Up to 300 Russian soldiers remain in Transnistria. The occupiers are recruiting the rest locally — from among Moldovan citizens whom they are pressuring to serve in illegal Russian military formations. This is not an abstract threat on a map: it is a tool of pressure that Moscow holds 70 kilometers from Odesa.
Against this backdrop, Moldova's Foreign Minister Mihai Popșoi presented a thesis to the European Parliament's Security and Defense Committee that contradicts the position of President Maia Sandu: including the Transnistrian issue in a peace agreement between Ukraine and Russia could harm the settlement itself.
Two logics within one Chişinău
Sandu publicly called in June 2026 for including a point about the withdrawal of Russian troops from Transnistria in future peace agreements regarding Ukraine. Popșoi chooses a different strategy: he insists that Moldova's European integration and Transnistria's reintegration must proceed in parallel, rather than in one package with Ukrainian settlement.
"Otherwise, we will give the Kremlin a tool of influence and effectively a veto right over our process of accession to the European Union"
Mihai Popșoi, Moldova's Foreign Minister
The logic is simple: if the Transnistrian issue becomes a mandatory condition of a peace treaty between Kyiv and Moscow, Russia gains another point of negotiation where it is already physically present. Negotiations become more complex, and Moldova becomes a hostage to a foreign agreement.
What is in Chişinău's plan — and what is missing
In March 2026, Moldova for the first time in over 20 years presented its Western partners with an official non-paper outlining its vision for Transnistria's reintegration. The document, presented in Brussels, identifies demilitarization and democratization as the main preconditions. It also provides for the creation of an international civilian mission to accompany the transition.
However, the document contains a fundamental gap: no mechanism for the withdrawal of Russian troops. As European Pravda notes, Chişinău has no tools to force Moscow to retreat — and relies exclusively on pressure from partners. Moldova plans to exert economic pressure on Tiraspol independently, but a military scenario is effectively ruled out.

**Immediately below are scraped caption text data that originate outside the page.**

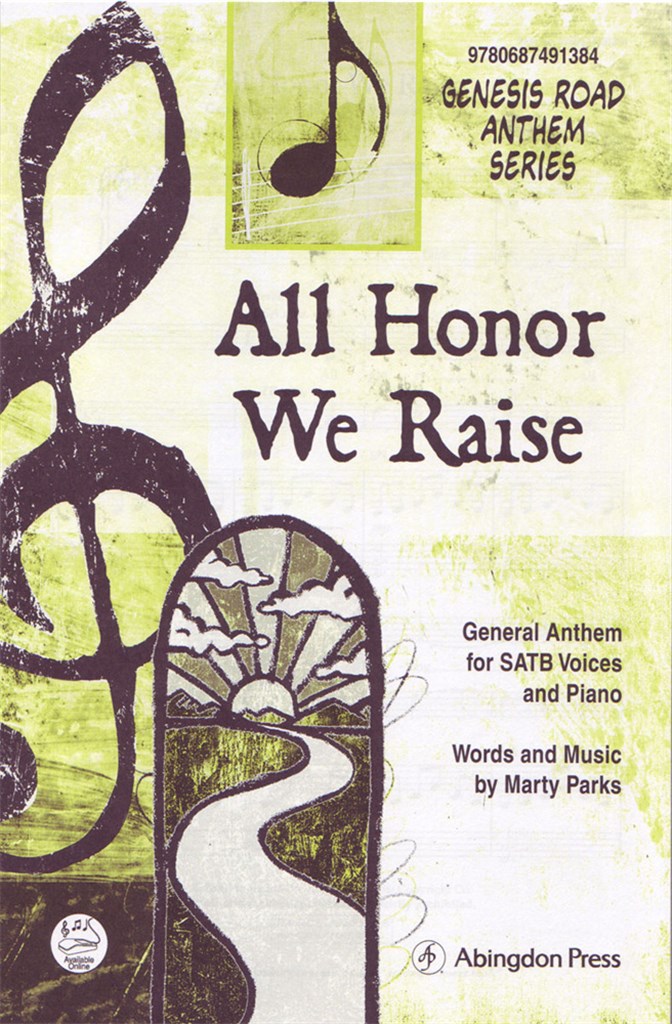 All Honor We Raise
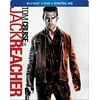 Jack Reacher (Steelbook) (Blu-ray) (Steelbook)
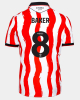 25/26 Mens Unsponsored Home Shirt SS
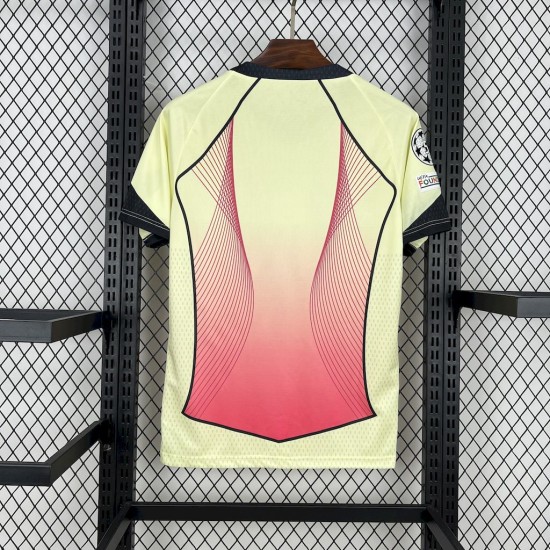 25/26 Barcelone Édition Spéciale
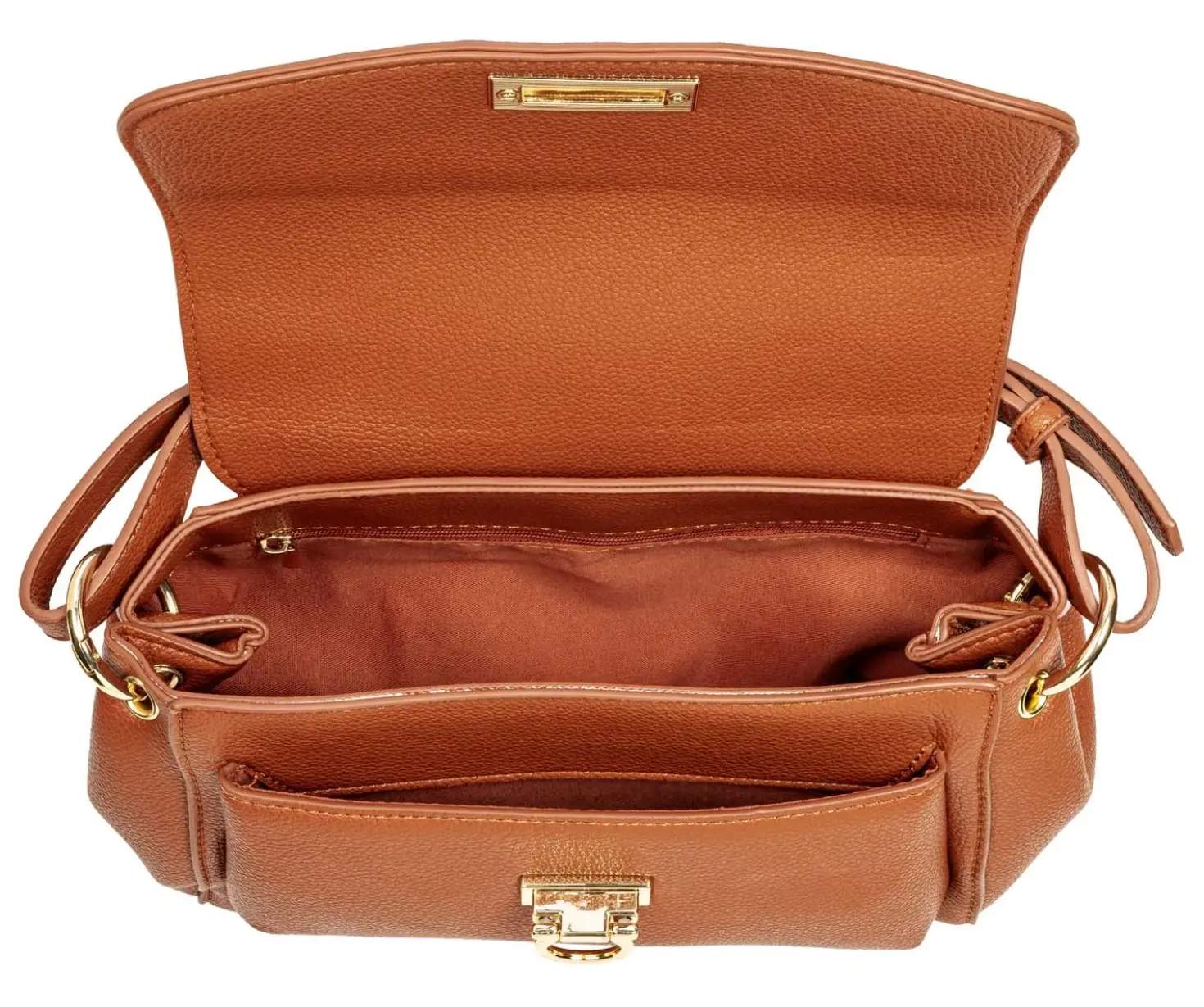 Sac - Warm Amber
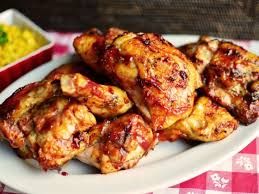 Boneless Chicken Platter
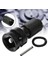 Seti 1/2 ''kare 1/4'' Hex Shank Soket Adaptörü Hızlı Bırakma Dönüştürücü Darbe Anahtarı Tornavida Dropshipping (Yurt Dışından) 4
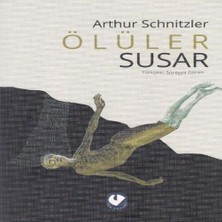 Feifei Ölüler Susar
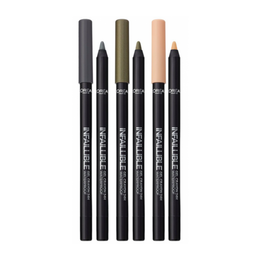 L'Oreal Infallible Gel Eyeliner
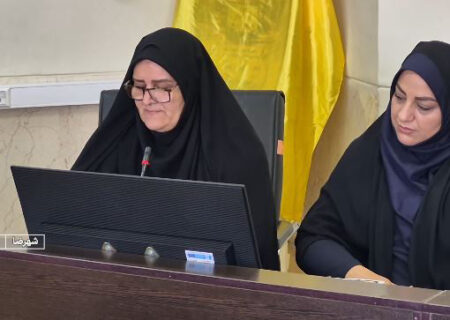 امسال بیش از ۲ هزار جلد کتاب به کتابخانه های شهرضا اهدا شد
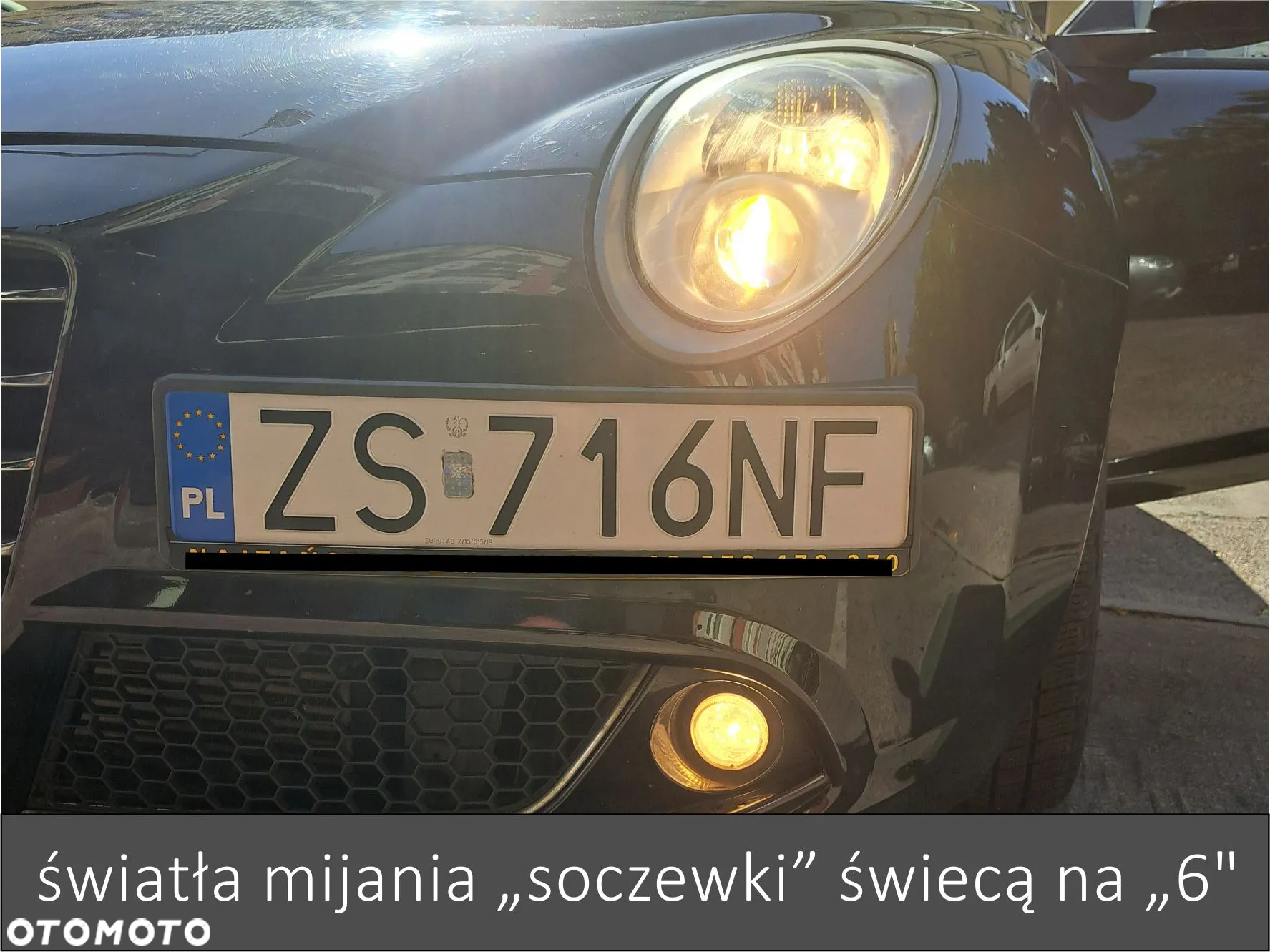 Alfa Romeo Mito 1.3 JTDM ECO Impression - 4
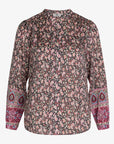 LENANN PRINTED SHIRT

- Up to 300 Russian military personnel remain in the region; Moscow recruits the rest of the army from local residents
- Moldova declared for the first time: Transnistria will have no special status after reintegration
- Chişinău is asking partners for air defense interceptors — drones from Russia are already regularly violating the country's airspace
After the agreement — new architecture
According to Popșoi, after an agreement is reached between Kyiv and Moscow, the next step should be a broader discussion on regional security architecture. It is in this format, in his view, that the Transnistrian issue can be considered without the risk of blocking main negotiations.
This is a declaration of sequence, not a mechanism. Who exactly will sit at the table of this "broader discussion," in what format, and with what authority — remains open. What is known for certain: Russia has not withdrawn troops from Transnistria even when no one actively demanded it.
If a peace agreement between Ukraine and the Russian Federation is signed without direct mention of Transnistria — will Moscow agree to a "broader discussion" on regional security, where its only real concession would be withdrawal from Moldovan territory?